Carbon-credit salesman Al Gore lamented “dark days” ahead for the climate movement that has made him so wealthy over the years.

“In a moment such as this, it is important to remember that all major reform efforts, from civil rights to the climate movement, suffer dark days. And this is surely one,” Gore said in an e-mail to his Climate Reality Project on Wednesday.

“We can mourn a loss, but we can’t linger in despair,” Gore added. “Our planet doesn’t have time for that.”

American “Petrostate”

Perhaps no other climate zealot typifies the angst of the movement more than hockey-stick graph creator Michael Mann, who referred to America in the wake of Trump’s election as a “failed Democratic state.” In a diatribe published in the Bulletin of the Atomic Scientists, Mann proclaimed “the reelection of Donald Trump, a candidate who has flaunted his desire for autocracy — aided and abetted by a Republican-controlled Congress that will not constrain him with guardrails — the United States is now poised to become an authoritarian state ruled by plutocrats and fossil fuel interests. It is now, in short, a petrostate.”
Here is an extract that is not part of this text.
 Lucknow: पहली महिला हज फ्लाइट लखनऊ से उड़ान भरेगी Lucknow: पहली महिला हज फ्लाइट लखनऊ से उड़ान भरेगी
“It seems likely that the United States will, in short order, join an alliance of petrostate bad actors, including Russia and Saudi Arabia,” Mann declared. Mann claimed that the United States will join Russia and Saudi Arabia in an effort “to block meaningful progress in the COP process including, but not limited to, a commitment to phase out fossil fuels on the timeframe of the next decade or two that is required to avert a catastrophic 1.5-2 degrees Celsius (3-4 degrees Fahrenheit) warming of the planet.

In Mann’s version of reality, America has freely chosen freely to live in a dystopian dictatorship led by fossil-fuel companies who are only concerned with profits. In actual reality, the U.S. electorate has chosen a near future in which he and his cronies in the climate-disaster movement are rightfully ignored and their predictions of climate disaster are dismissed.